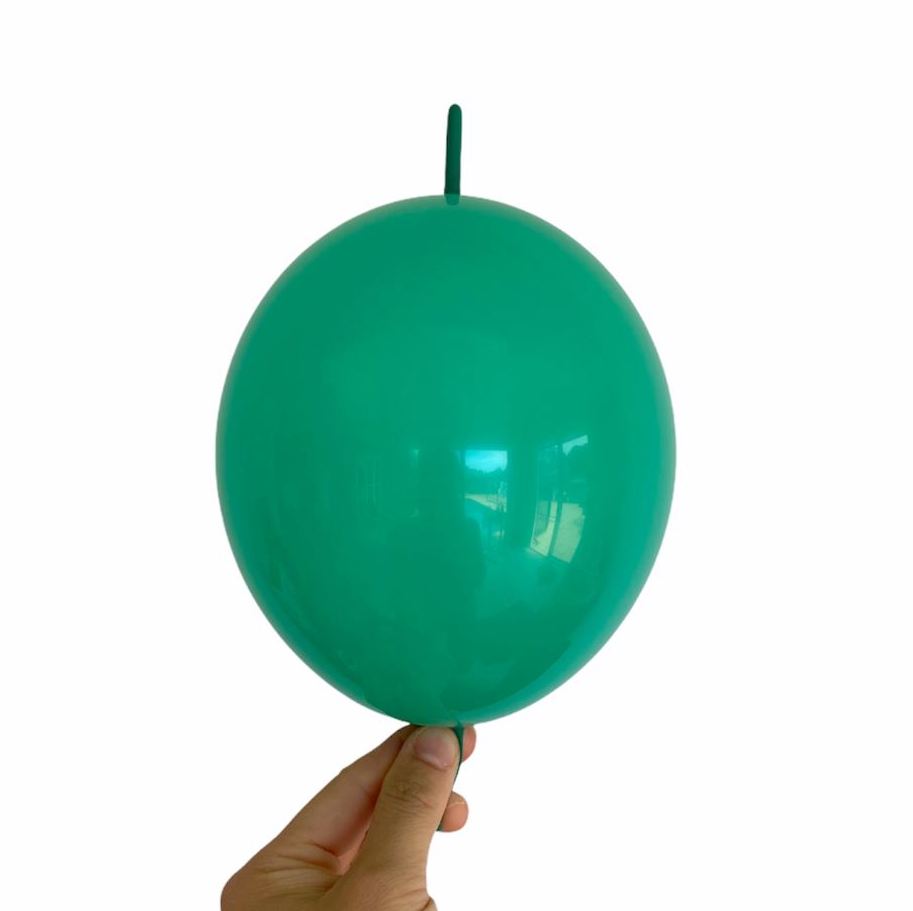 6 inch Latex Linking Tail Balloon 10 Pack - green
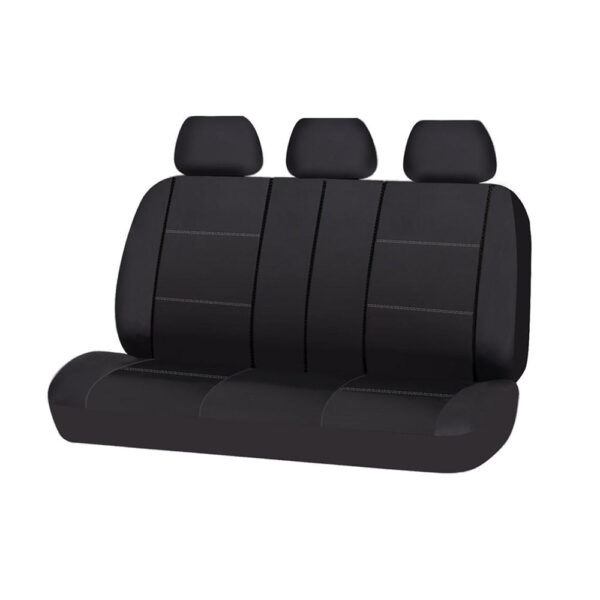 Fanno-Universal Rear Seat Covers Soft PU Leather for Most Vehicles Black White Stitching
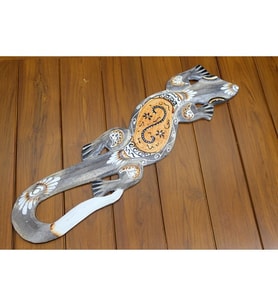 Ahşap Duvara Asmalı Kertenkele Figürü Model 1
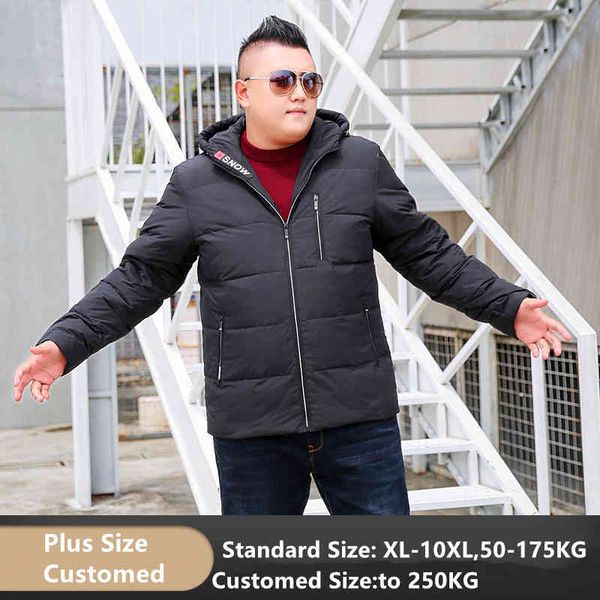 

winter 80% duck down et men hooded thick coat mens warm plus size 7xl 8xl 9xl 10xl black red grey hoodi customized cloth, Black;white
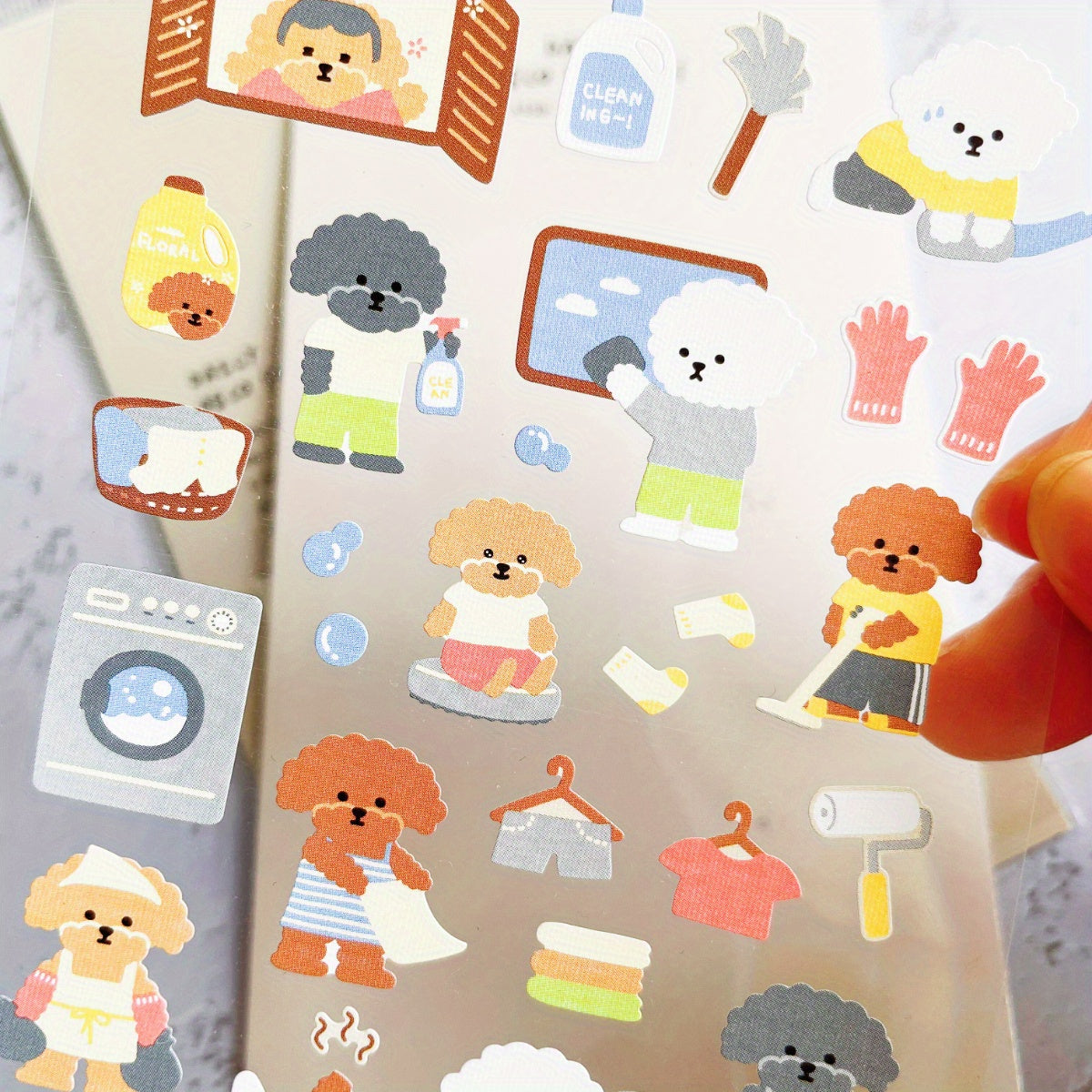 1pc Dog Cleaning Stickers Scrapbook Journal Stationery Art Supply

____

◆ **WHAT THE TASK ASKS**
What you write must match, line for line, the lines from the one with "Ahşap Duvara Asmalı" through the last line of the data above, minus the pictures.

◆ **WRITTEN REPLY**
 Ahşap Duvara Asmalı Kertenkele Figürü Model 1

winter 80% duck down et men hooded thick coat mens warm plus size 7xl 8xl 9xl 10xl black red grey hoodi customized cloth, Black;white
 1pc Dog Cleaning Stickers Scrapbook Journal Stationery Art Supply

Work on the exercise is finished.